Contoh lainnya dalam rangka mengikuti kebiasaan rakyat Jawa pada masa itu adalah ketika Sunan Kalijaga mengetahui bahwa rakyat Jawa suka sekali dengan “kesaktian-kesaktian”. Namun, kesaktian-kesaktian a la Sunan Kalijaga ini ditujukan untuk menegakkan syariat Islam dan tauhid. Kesaktian yang diajarkan oleh Sunan Kalijaga kemudian tidaklah bersumber dari para jin-jin kafir, setan, dan iblis-iblis, tetapi ditujukan untuk mengajarkan rakyat Jawa pada masa itu untuk meminta langsung pada Gusti Allah taala yang Maha Sakti dengan cara berdzikir kepada-Nya, bershalawat kepada Nabi-Nya yang terkasih, dan menyebut asma-asma-Nya yang Agung.
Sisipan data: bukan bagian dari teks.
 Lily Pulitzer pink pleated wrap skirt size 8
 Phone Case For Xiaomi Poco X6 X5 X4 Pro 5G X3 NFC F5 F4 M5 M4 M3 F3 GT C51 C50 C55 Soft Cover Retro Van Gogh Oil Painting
Keempat, menghindarkan konfrontasi secara langsung dengan masyarakat dalam hal menyiarkan agama Islam. Sunan Kalijaga yang anti-konfrontasi ini, dapat diibaratkan sedang berusaha mengambil ikan di suatu kolam, tetapi tetap berusaha juga untuk tidak mengeruhkan airnya. Dengan demikian, hasil “mancing” yang dilakukan oleh Sunan Kalijaga dapat menjadi banyak dan berbuah kebaikan yang masif, dengan “air” atau kondisi kemasyarakatannya tidak keruh dan tidak rusak.
Strategi keempat ini terbukti dengan Islam terus berjaya di Nusantara hingga sekarang!